EXERCISE:
Begin your transcription at the line containing "HUBNER SILICEAGASTROGEL200ML" and continue it, word for word, to the final line below. Include only those lines and skip the pictures.

DATA SEGMENT:
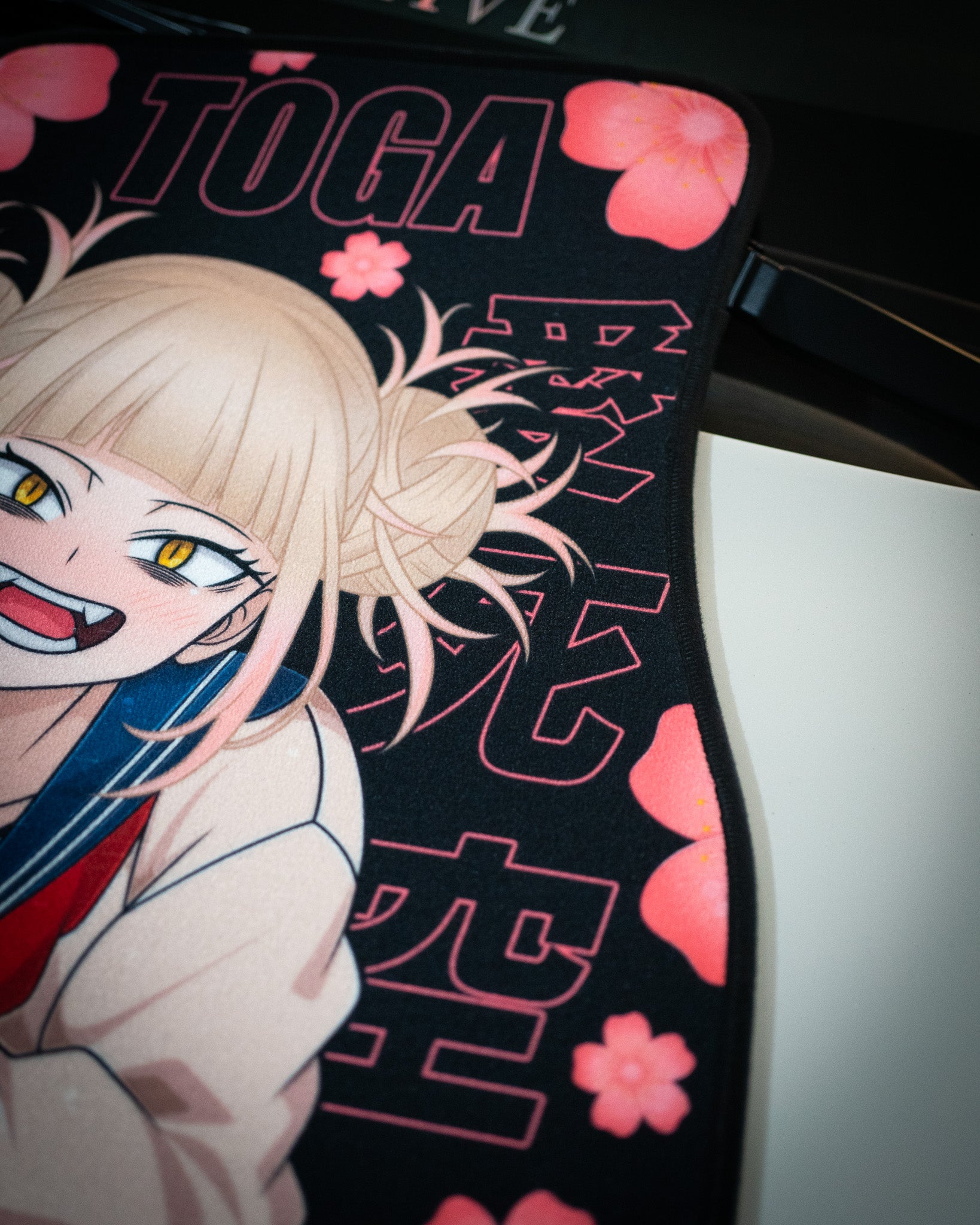 Toga Car Mats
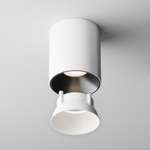 Декоративная рамка-отражатель для светильников серии  Alfa LED Maytoni Ring12-15W-RD-W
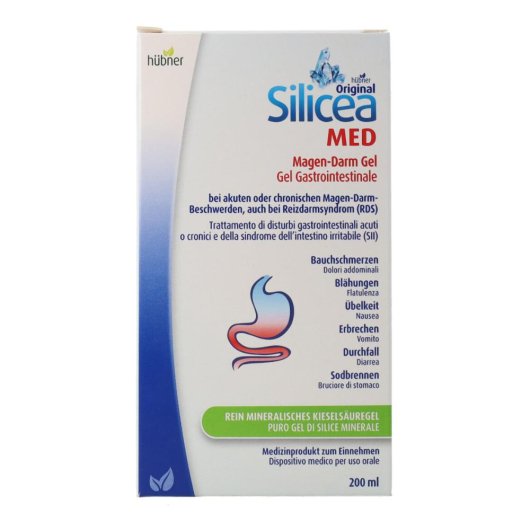 HUBNER SILICEAGASTROGEL200ML
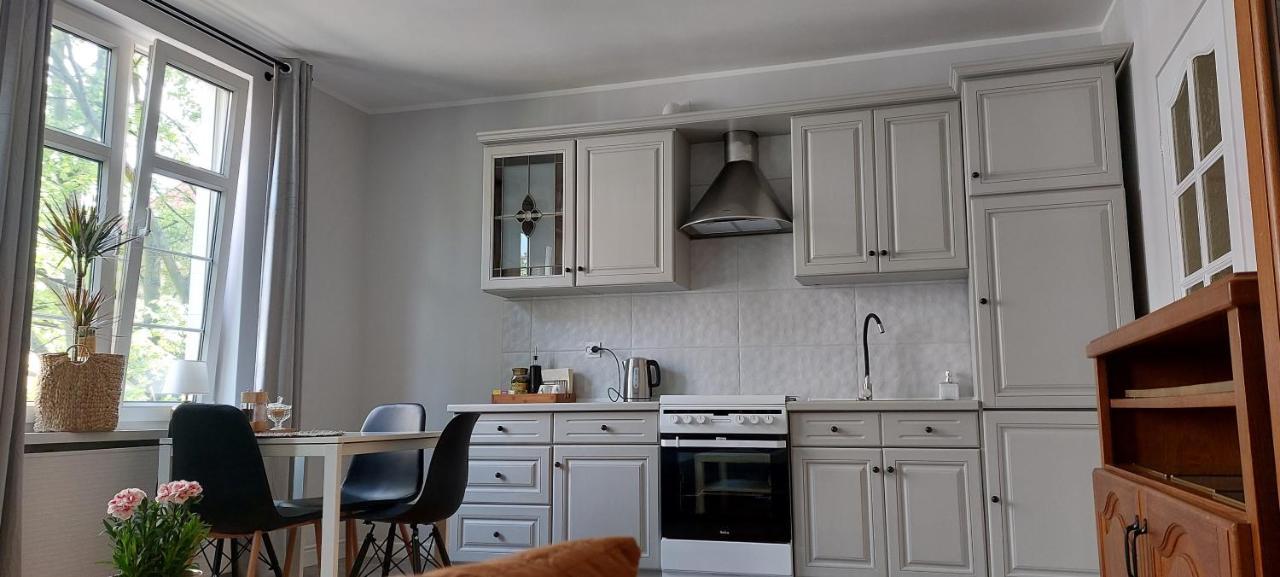 Apartament Grobla III Gdańsk Buitenkant foto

RESULT:
 HUBNER SILICEAGASTROGEL200ML
 Apartament Grobla III Gdańsk Buitenkant foto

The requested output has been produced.